THE PROBLEM: Drop every picture, then print the rest of the listing exactly as given.
[Opening SUPPLIED DATA section]
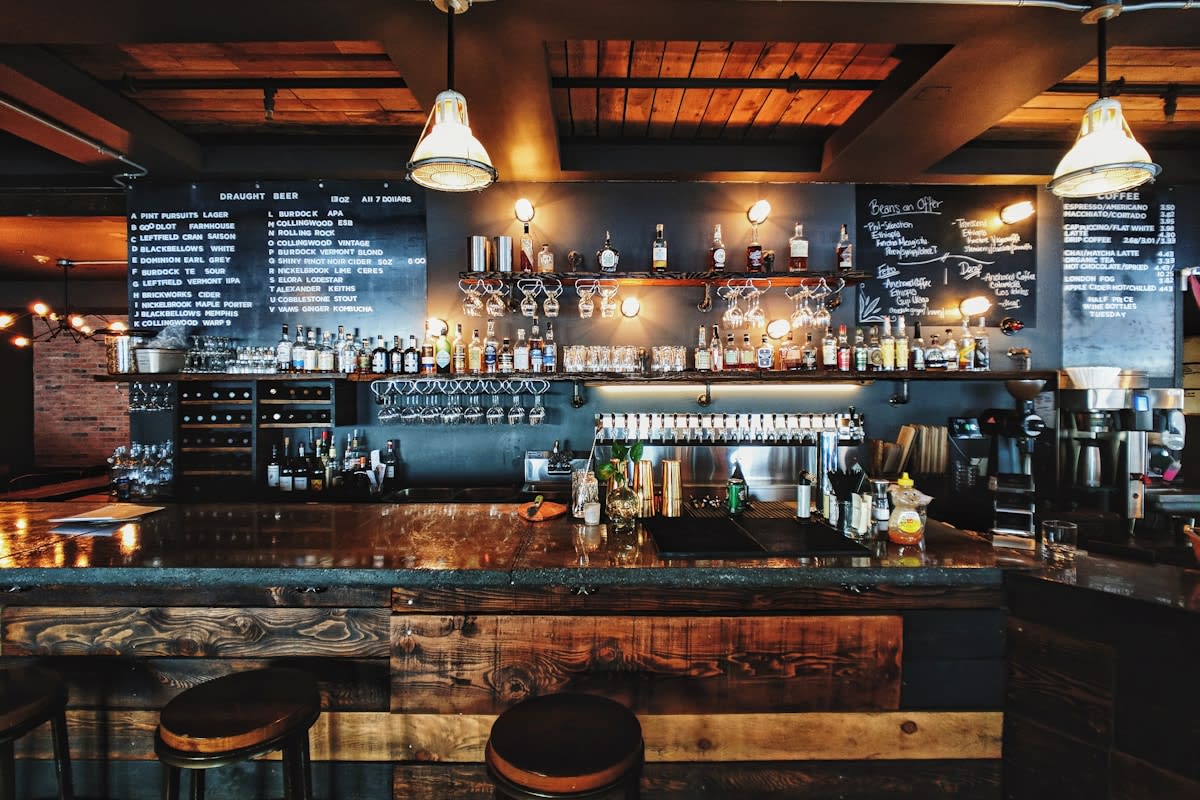 Fins Bar & Chill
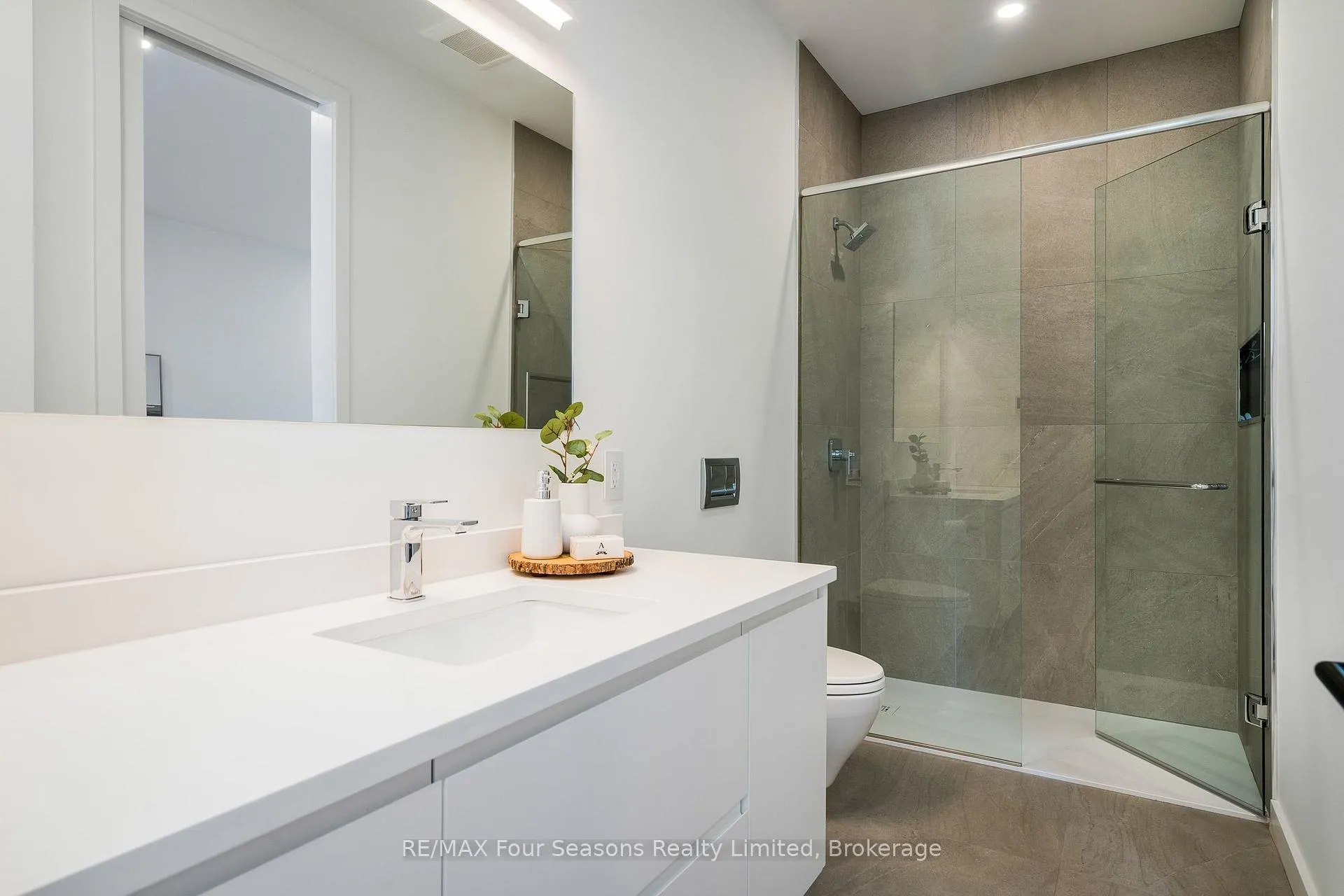 Photo 24 of 126 Courchevel Crescent, Blue Mountains — HOMEH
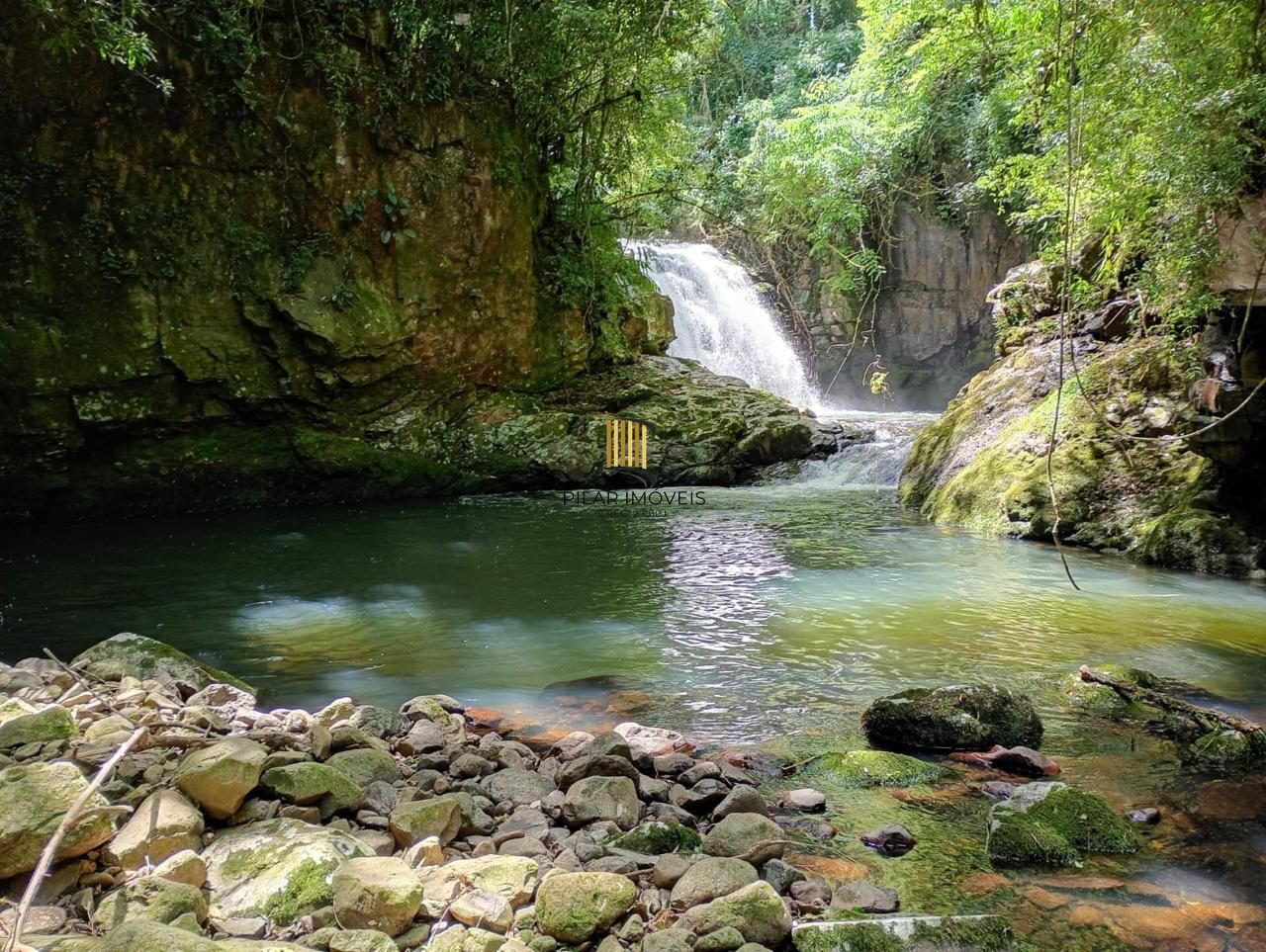 SITIO PARA LAZER E TURISMO.  COM TODAS AS LICENÇAS, URBANIZADO PRONTO PARA INVESTIMENTO EM TURISMO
[Closing SUPPLIED DATA section]
RESULT FOR THIS EXERCISE:
 Fins Bar & Chill
 Photo 24 of 126 Courchevel Crescent, Blue Mountains — HOMEH
 SITIO PARA LAZER E TURISMO.  COM TODAS AS LICENÇAS, URBANIZADO PRONTO PARA INVESTIMENTO EM TURISMO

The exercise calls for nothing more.